» Information provided:
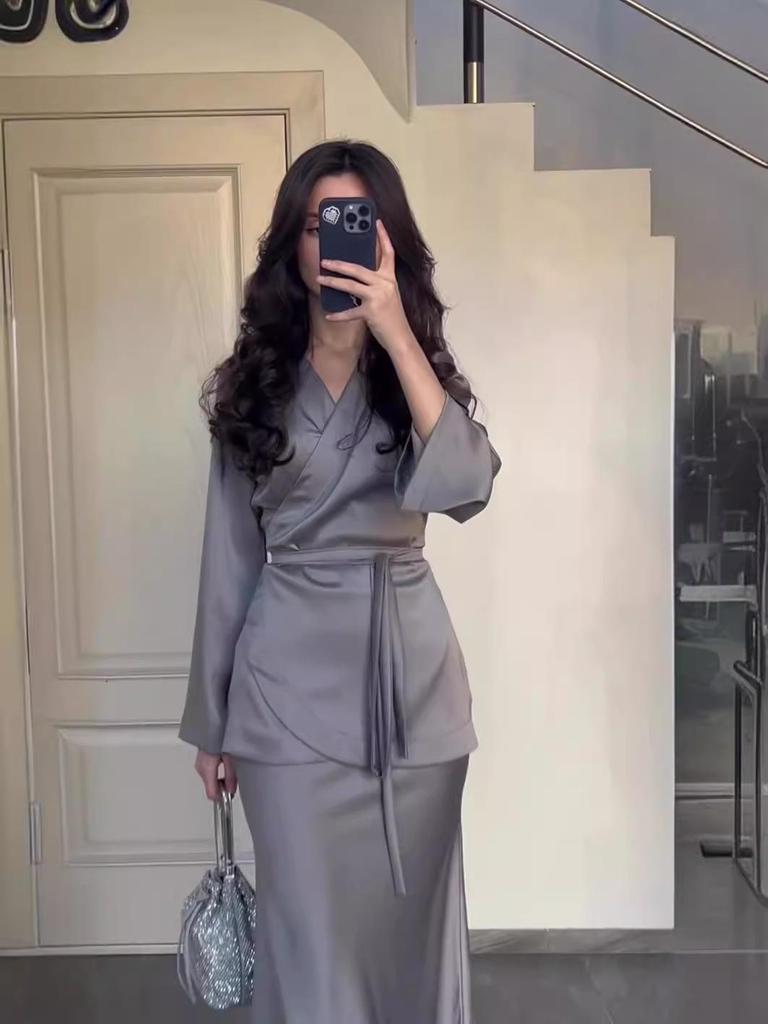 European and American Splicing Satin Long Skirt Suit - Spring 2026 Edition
--
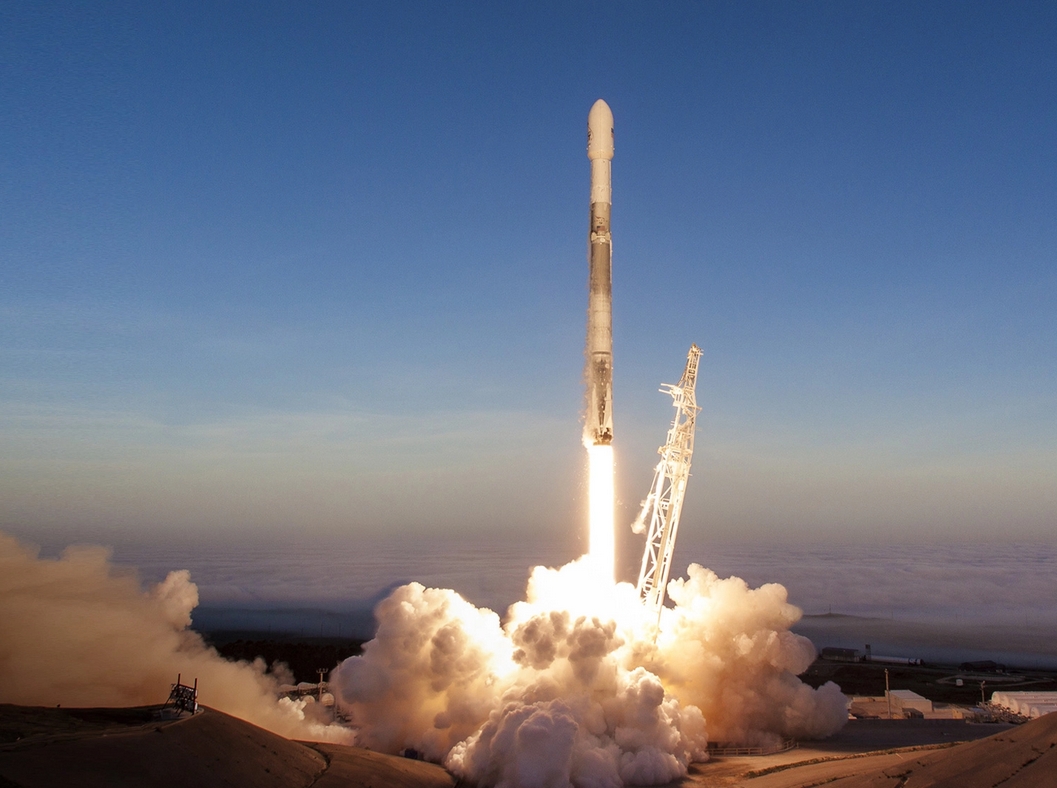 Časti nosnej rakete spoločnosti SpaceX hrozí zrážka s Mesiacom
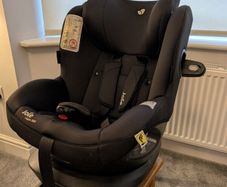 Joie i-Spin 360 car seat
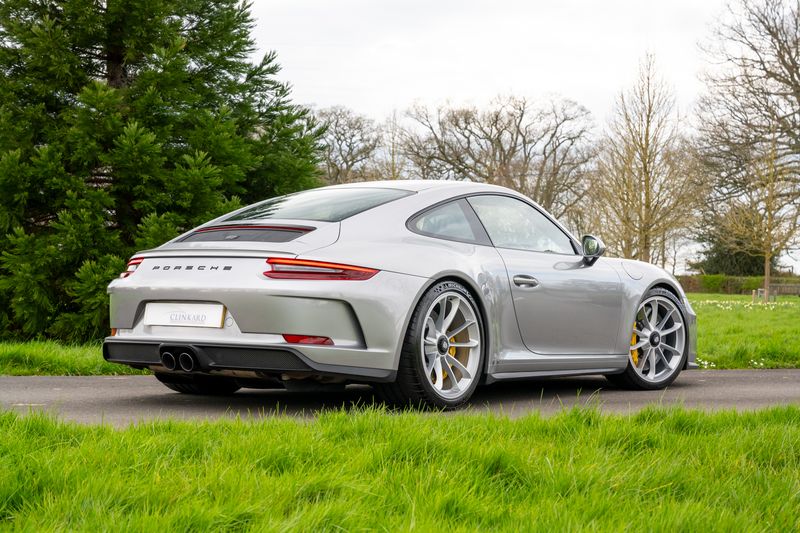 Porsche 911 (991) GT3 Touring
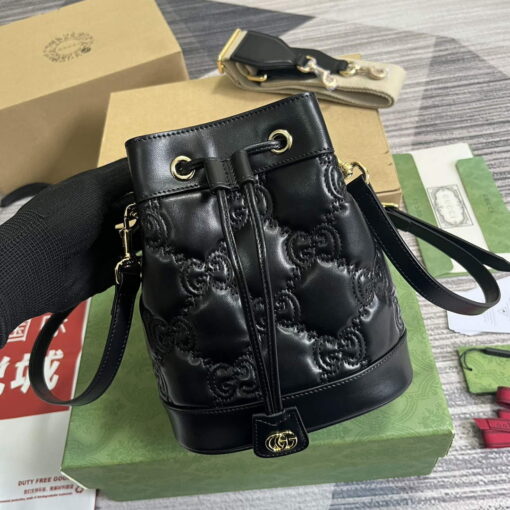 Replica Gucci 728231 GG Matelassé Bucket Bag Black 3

» Aim of the exercise: Copy word for word the span of the records above that begins at the line with "Časti nosnej rakete" and ends at the line with "Replica Gucci 728231", including those two lines but not the pictures.

» Response area:
 Časti nosnej rakete spoločnosti SpaceX hrozí zrážka s Mesiacom
 Joie i-Spin 360 car seat
 Porsche 911 (991) GT3 Touring
 Replica Gucci 728231 GG Matelassé Bucket Bag Black 3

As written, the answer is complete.